Express $$|e^z|$$ in terms of $$x$$ and/or $$y$$.

Exercise $$\PageIndex{2}$$

Confirm that $$e^{ln(z)} = z$$ and $$ln(e^z) = z$$

Exercise $$\PageIndex{3}$$

Find the real and imaginary parts of $$\cos (z)$$ and $$\sin (z)$$

Exercise $$\PageIndex{4}$$

Show that $$\cos^{2}(z)+\sin^{2}(z) = 1$$

Exercise $$\PageIndex{5}$$

With $$z^{w} \equiv e^{w ln(z)}$$ for complex $$z$$ and $$w$$ compute $$\sqrt{i}$$

Exercise $$\PageIndex{6}$$

Verify that $$\cos (z)$$ and $$\sin (z)$$ satisfy the Cauchy-Riemann equations and use the proposition to evaluate their derivatives.

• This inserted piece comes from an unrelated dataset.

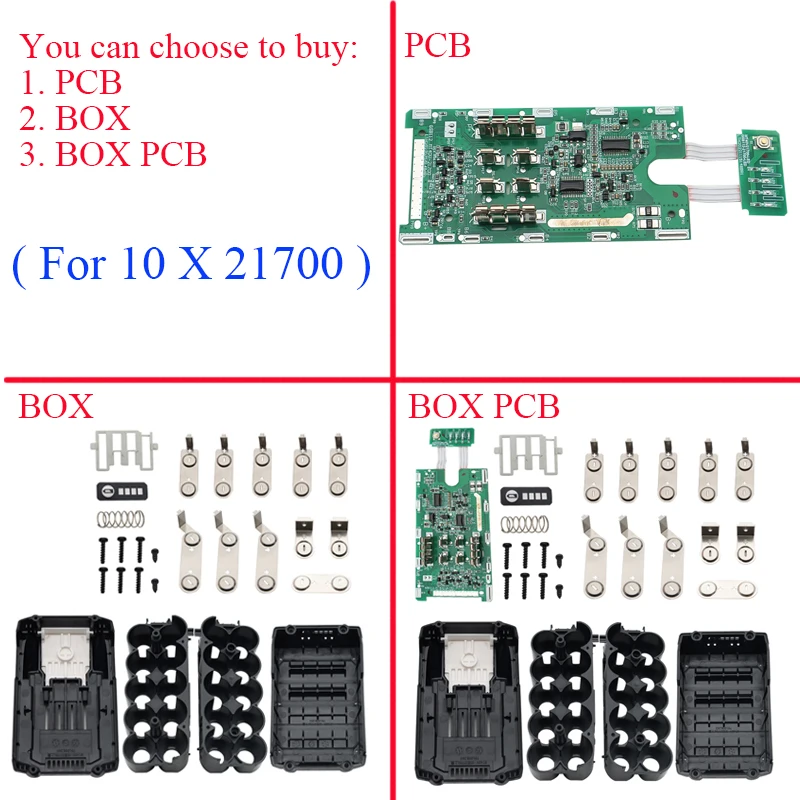 

10 X 21700 Li-ion Battery Plastic Case PCB Charging Protection Circuit Board Shell Box For MAKITA 40V Lithium Battery Housings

Exercise $$\PageIndex{7}$$

Submit a Matlab diary documenting your use of residue in the partial fraction expansion of the transfer function of

$B = \begin{pmatrix} {2}&{0}&{0}\\ {-1}&{4}&{0}\\ {0}&{-1}&{2} \end{pmatrix} \nonumber$